You might have to Target verify both of these devices with a phone access code initially though.


----------



## Guest Avocado

RevLogRaven said:


> Does anyone know how to check your schedule from home? I had been using the myTime for Target app, but when I went to redownload it is says that it is no longer available in the App Store. All the other apps I would use are no longer working as well.

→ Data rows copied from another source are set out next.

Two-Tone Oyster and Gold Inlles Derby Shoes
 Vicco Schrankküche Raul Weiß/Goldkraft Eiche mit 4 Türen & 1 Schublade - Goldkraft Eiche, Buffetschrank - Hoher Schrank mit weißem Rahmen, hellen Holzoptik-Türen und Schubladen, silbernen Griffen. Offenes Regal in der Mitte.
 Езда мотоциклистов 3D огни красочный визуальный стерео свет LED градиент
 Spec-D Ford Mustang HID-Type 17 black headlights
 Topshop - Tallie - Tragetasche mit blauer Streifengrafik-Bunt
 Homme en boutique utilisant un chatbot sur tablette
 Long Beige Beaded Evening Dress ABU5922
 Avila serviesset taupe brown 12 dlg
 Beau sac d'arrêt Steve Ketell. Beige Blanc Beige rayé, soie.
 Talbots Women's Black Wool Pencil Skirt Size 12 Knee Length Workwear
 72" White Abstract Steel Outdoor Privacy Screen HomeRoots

It was never in the App Store. Go to maytime.target.com, tap the three lines in the corner, tap the Apple iOS download button, and request a new code. Then use that code *in the iTunes Store, not the App Store* to redownload myTime for Target. Otherwise, you can just go to mytime.target.com as a normal website and browse it there.


----------



## happygoth

Guest Avocado said:


> It was never in the App Store. Go to maytime.target.com, tap the three lines in the corner, tap the Apple iOS download button, and request a new code. Then use that code *in the iTunes Store, not the App Store* to redownload myTime for Target. Otherwise, you can just go to mytime.target.com as a normal website and browse it there.


It's in the Play Store on Android.


----------



## Guest Avocado

happygoth said:


> It's in the Play Store on Android.



Yeah it is. But because OP mentioned "App Store," which 99% of the time refers to the Apple App Store, I used Apple terminology, since the app is just a normal app on Android devices. 
Apple devices are the only ones that have problems with it, with the whole app not being in the App Store thing, and the app "not existing" at certain random times or when updated, and the whole thing with the latest version of iOS breaking the app, requiring a redownloading of it. I bet that most of the problems wouldn't be a problem if it was just a real app on the App Store, and not done through some secret Apple Enterprise backloading method through iTunes. Also the fact that Biometrics are broken and that it's just literally a website and not a real app. Those later two aren't Apple problems but problems with the app on all devices which should really be fixed. ESPECAILLY the biometrics part. They work if you visit mytime.target.com or bookmark the app to your Home Screen, but not if you have the real app, which sucks.


----------



## RevLogRaven

769344


Guest Avocado said:


> It was never in the App Store. Go to maytime.target.com, tap the three lines in the corner, tap the Apple iOS download button, and request a new code. Then use that code *in the iTunes Store, not the App Store* to redownload myTime for Target. Otherwise, you can just go to mytime.target.com as a normal website and browse it there.


I totally forgot that this was the way to get it. I hadn't used it in a long time so it was no longer downloaded on my phone so I went to redownload it said it wasn't in the App Store so I thought that was how you got it. Thanks for the reminder.


----------